- **DATA RECORDS**:
========================================================================
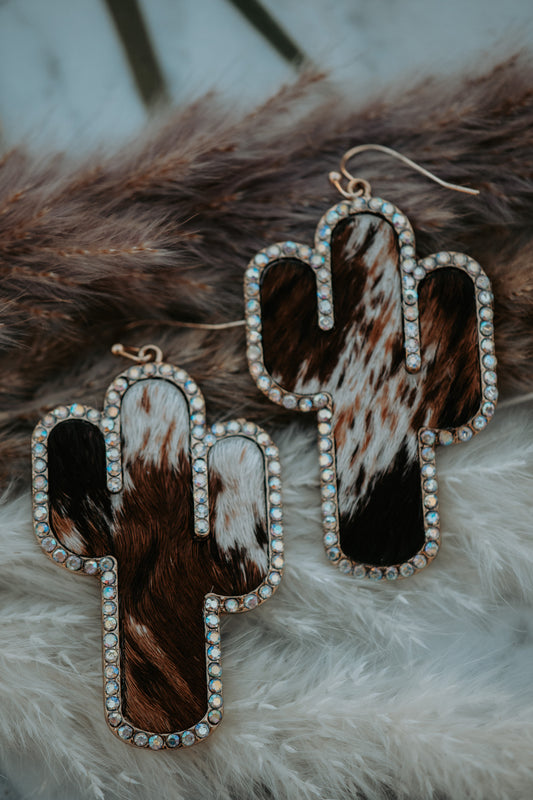 Cactus Cowhide Genuine Leather Rhinestone Drop Earrings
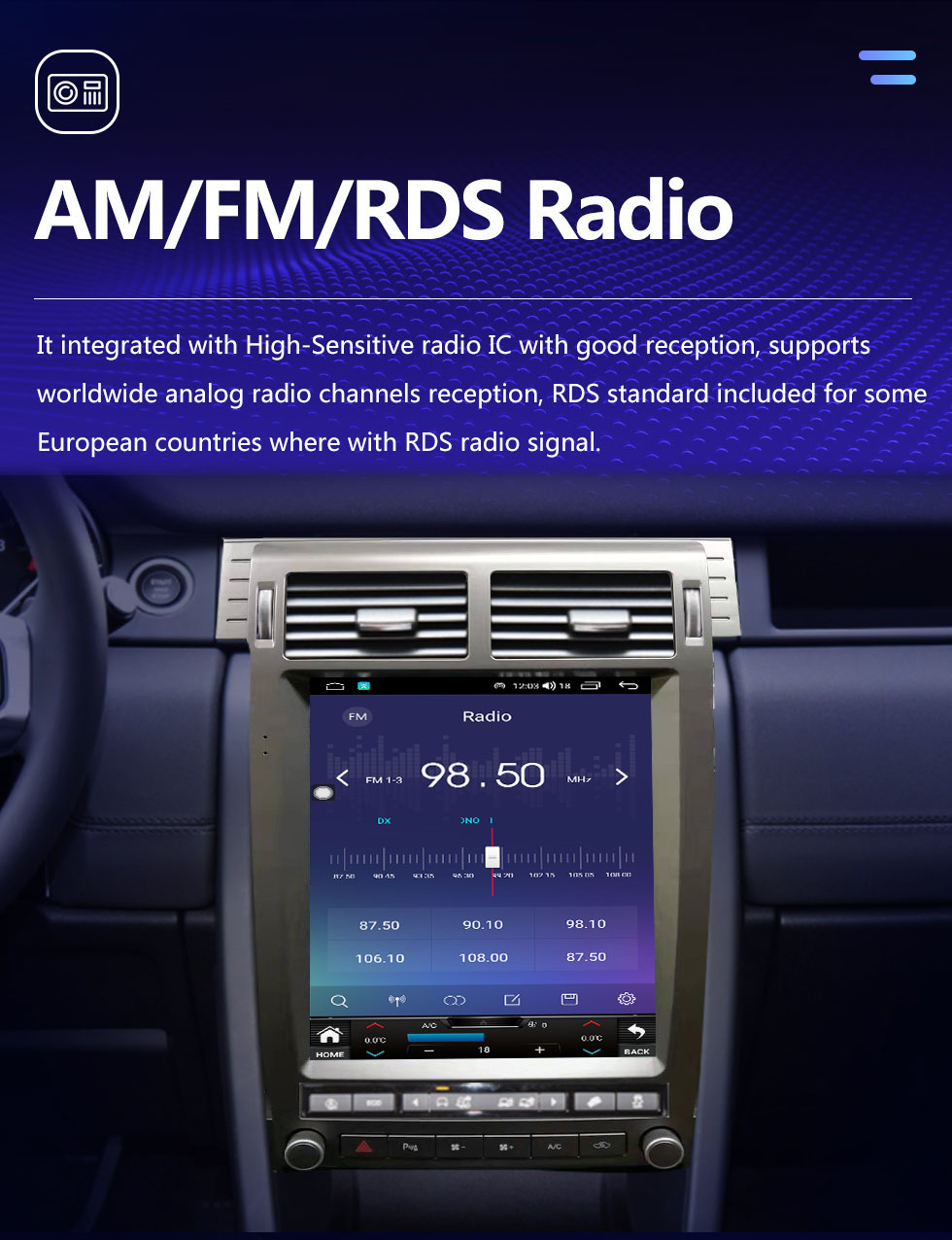 Seicane 12,1 pouces Android 10.0 HD Radio de navigation GPS à écran tactile pour 2016-2019 Land Rover Discovery Sport avec prise en charge Bluetooth USB AUX Carplay TPMS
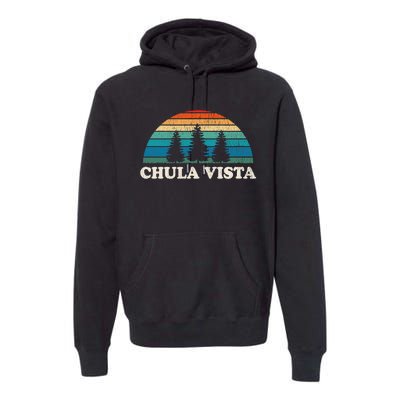 Chula Vista CA 70s Retro Throwback Design Premium Hoodie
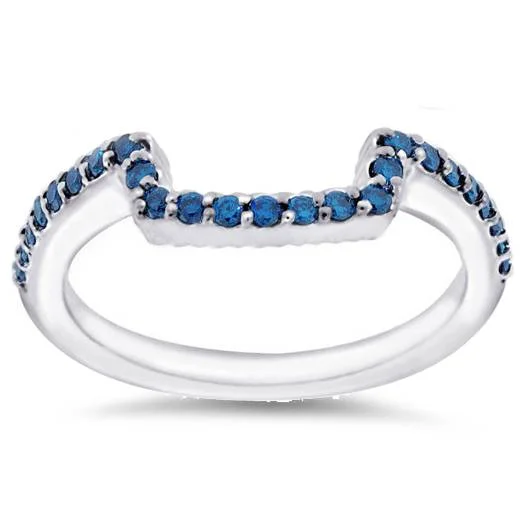 Rings with shield-shaped stones for boldness -1/4ct Blue Diamond Guard Ring 14K White Gold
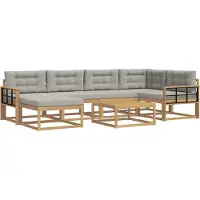 vidaXL Buiten bank set 7 pcs Wit en Lichtgrijs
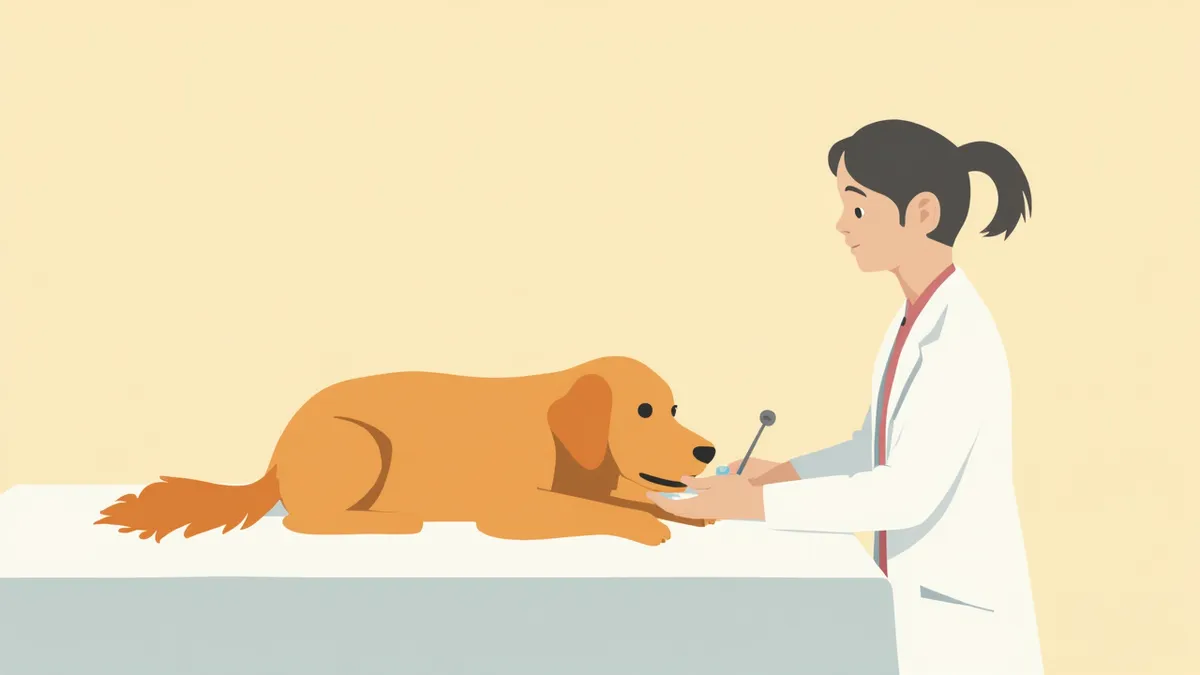 수의사가 강아지의 혈액을 채취하는 모습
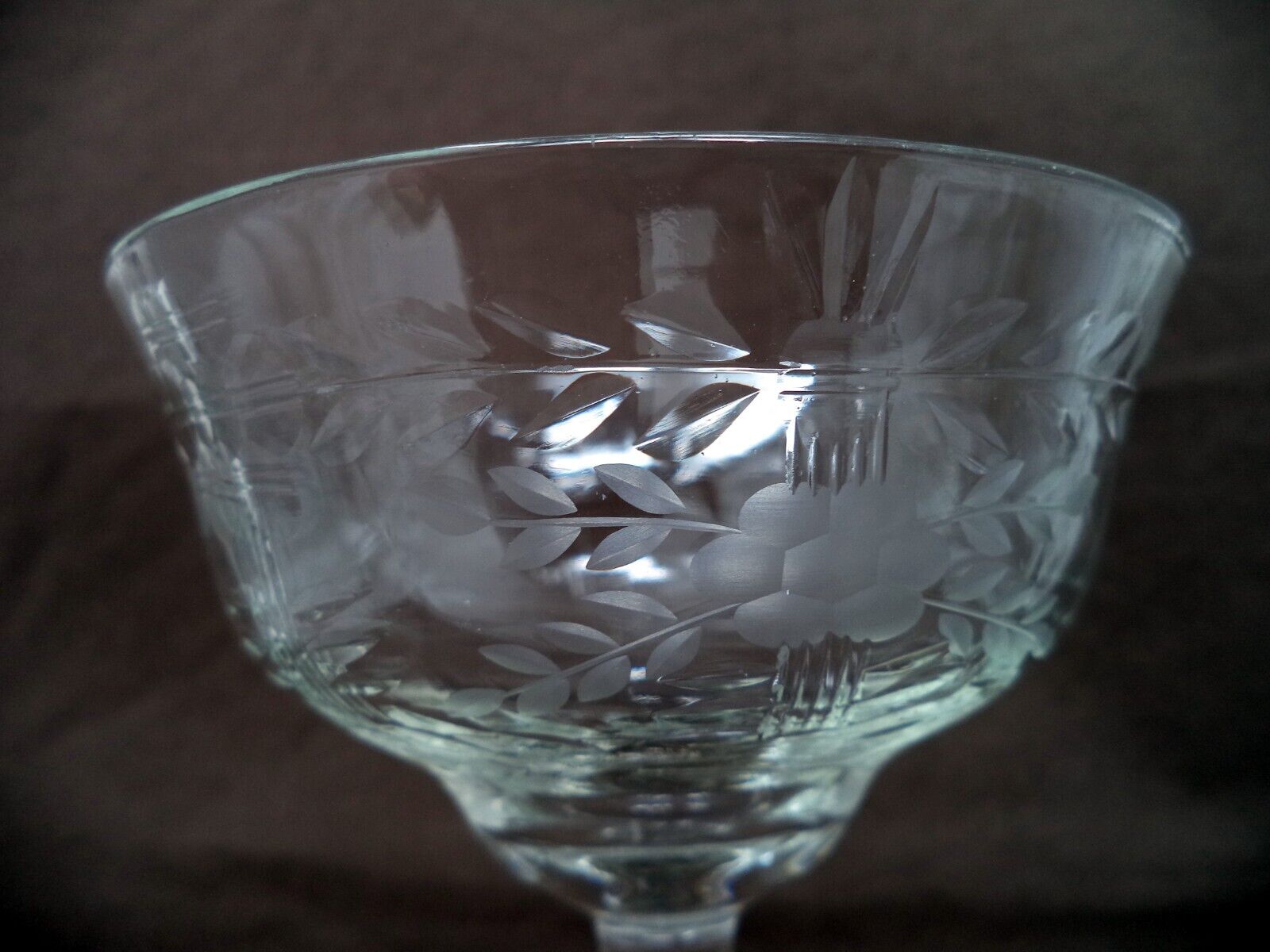 Antique/Vintage Etched Crystal/Glass Champagne Glass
========================================================================
- **WORK REQUIRED**:
Exactly the lines from the one holding "수의사가 강아지의 혈액을 채취하는 모습" through the last line of the entries must be set down, with nothing added and no pictures.

- **RESULT FOR THIS TASK**:
 수의사가 강아지의 혈액을 채취하는 모습
 Antique/Vintage Etched Crystal/Glass Champagne Glass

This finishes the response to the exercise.